Ante o desastre Bolsonaro, com seus golpismos e supostos esquemas financeiros — o Poder Executivo é uma máquina de produzir corrupção —, a mídia afastou-se dele de vez (na verdade, nunca foi muito próxima) e passou a combatê-lo.

O Supremo Tribunal Federal, ao tornar Bolsonaro inelegível, mostrou que a democracia também sabe se vingar. A vingança da democracia é legal, ou seja, usa, corretamente, a lei para se defender.

O próximo passo é levar Bolsonaro à cadeia? Tudo indica que sim. Mas não a uma prisão qualquer, e sim a uma detenção substanciada pelo carimbo de que se corrompeu. O tenente-coronel Mauro Cesar Barbosa Cid, de 44 anos, protegeu Bolsonaro por algum tempo, mas não quer ficar preso, com uma possível pena mais alta, para “salvar” o ex-chefe. E não quer o pai, um general, contaminado pelo bas-fond do ex-presidente.

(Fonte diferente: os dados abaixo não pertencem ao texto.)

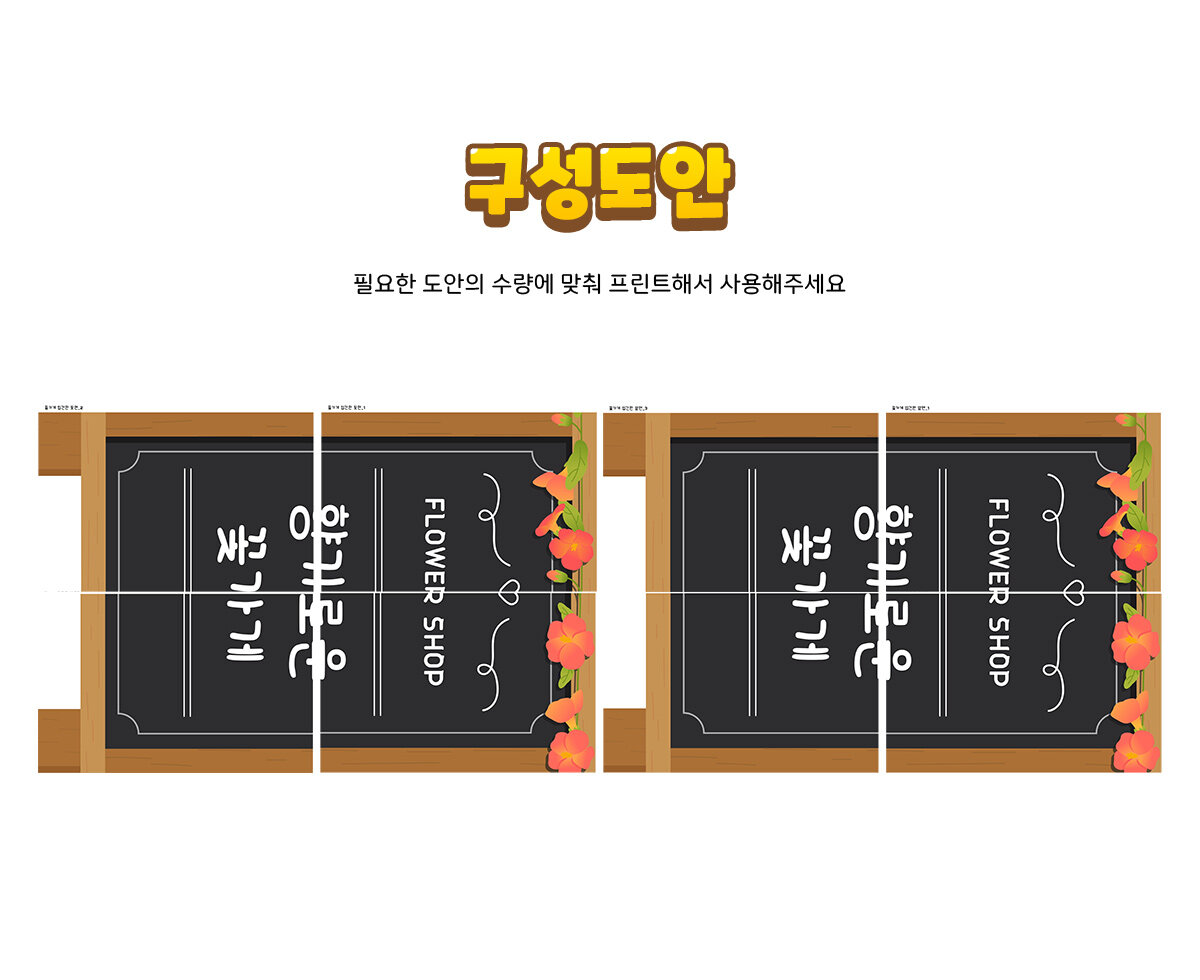 8669daac26094f83e26d05bf4eef6fbf_1663553289_659.jpg 8669daac26094f83e26d05bf4eef6fbf_1663553289_659.jpg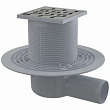 ���� Alca Plast �50 10 � 10 ������� APV102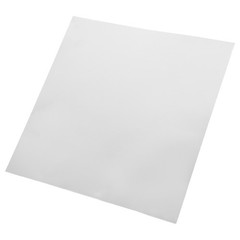 Aluminum Alloy Plate Sheet for Machining Heavy Duty Use Base Framing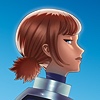Explore the Best Techjacket Art | DeviantArt
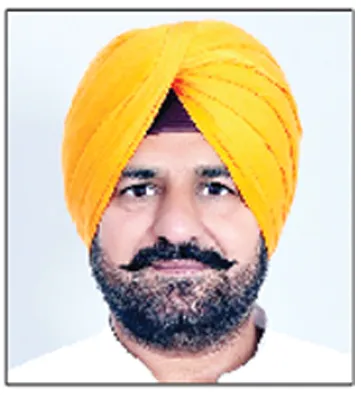 Sangrur 5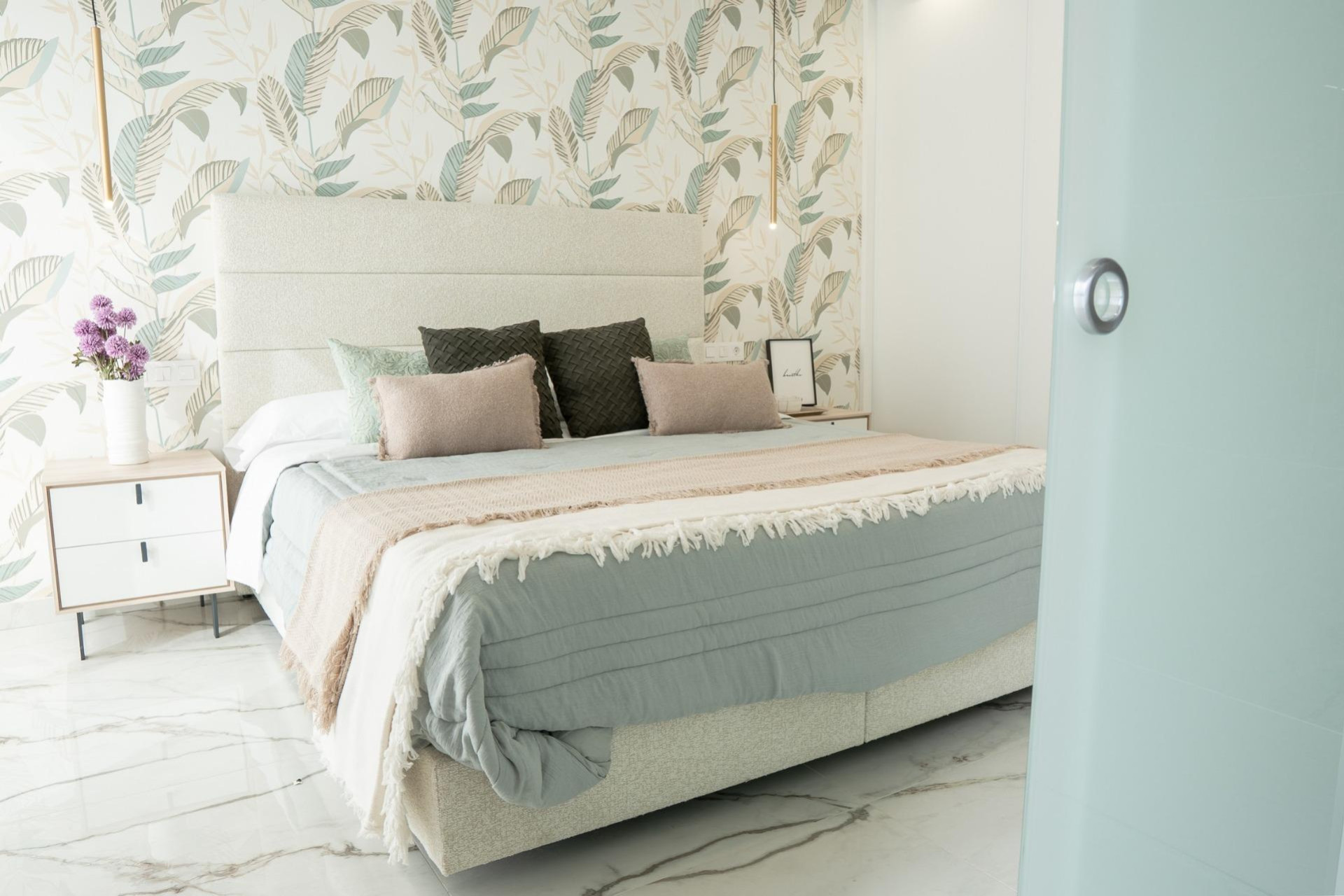 New build - 3. Semi-detached house - Ciudad Quesada - Costa Blanca South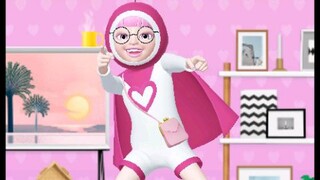 Cara Menjaga Etika Bahasa Di Depan Umum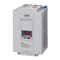 Frequenzumrichter HITACHI J300 - 1600HFPE4 Produkthandbuch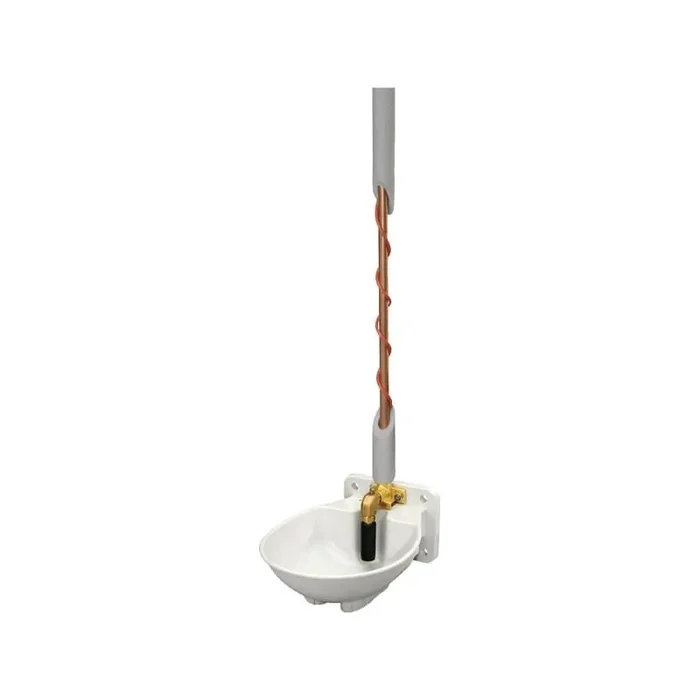 Abreuvoir LISTER 011097510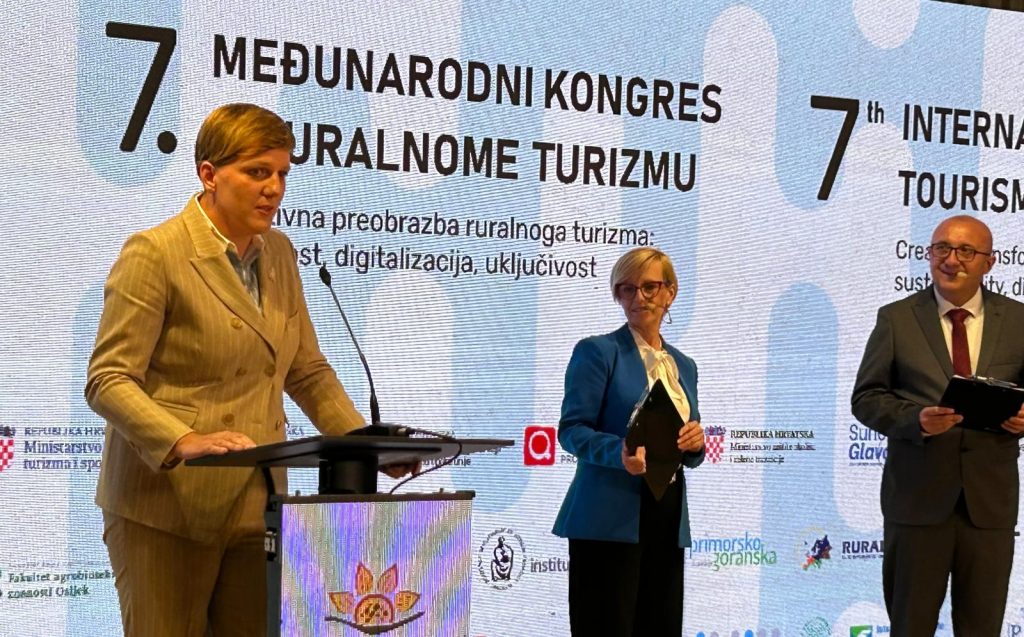 rab kongres ruralni turizam (20)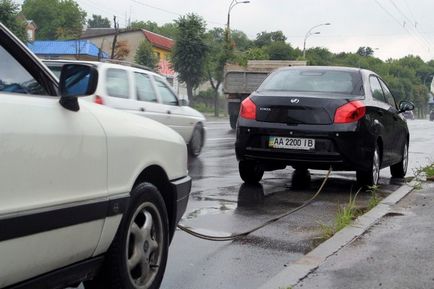 Каква е частично натоварване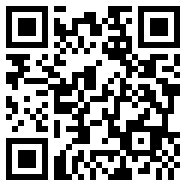 老爹甜甜圈店手游V1.0.3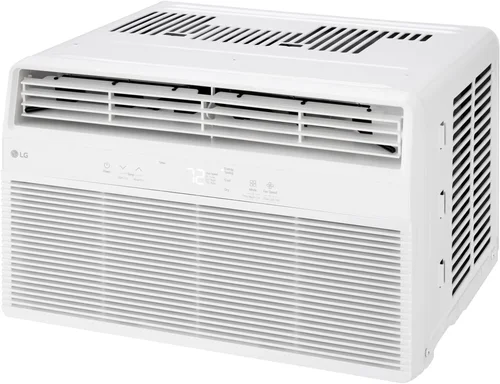 Carrier Commercial AC Shopping Guide 2026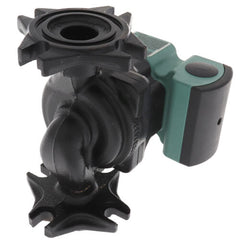 TACO Taco 0015E3-2F4 ECM High-Efficiency Wet Rotor Circulator Pump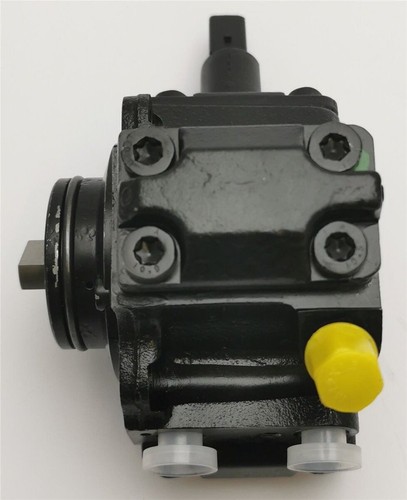 Bosch pompe haute - pompe, pression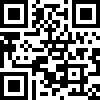 https://khabaronline.ir/xh8L5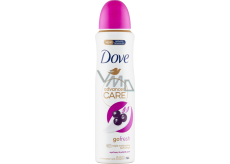 Dove Advanced Care Acai berry antiperspirant w sprayu 150 ml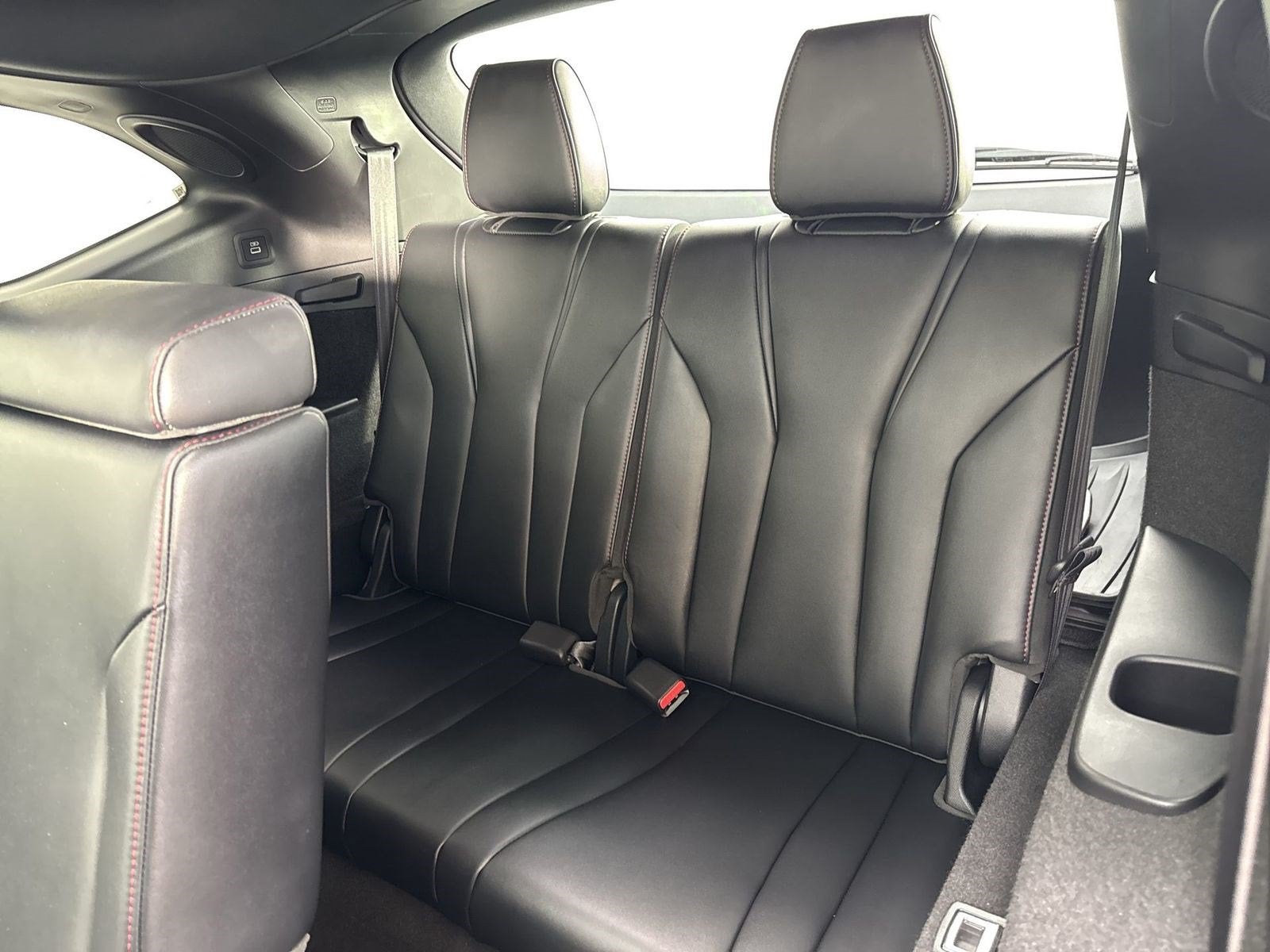 2025 Acura MDX SH-AWD A-SPEC ADV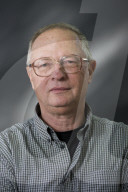 PORTRAIT - Gyorgy Spiro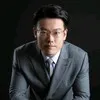 Edward chen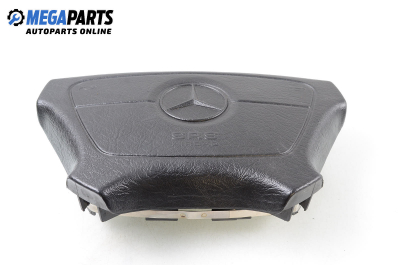 Airbag for Mercedes-Benz C-Class 202 (W/S) 1.8, 122 hp, station wagon, 1997, position: front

E, no final, o que vai acontecer? Não dá para saber, claro. Se a bola de cristal de um jornalista é a razão, não há como prever o futuro. Mas parece óbvio que os equívocos de Bolsonaro jogaram a mídia no colo de Lula da Silva. De graça.

Mas, insistamos, seria interessante dividir a tela da tevê mostrando o que a mídia dizia de Lula da Silva e sua turma e o que está dizendo agora de Bolsonaro e sua turma. Seria instrutivo, no mínimo, a respeito do comportamento — supostamente objetivo — do jornalismo patropi.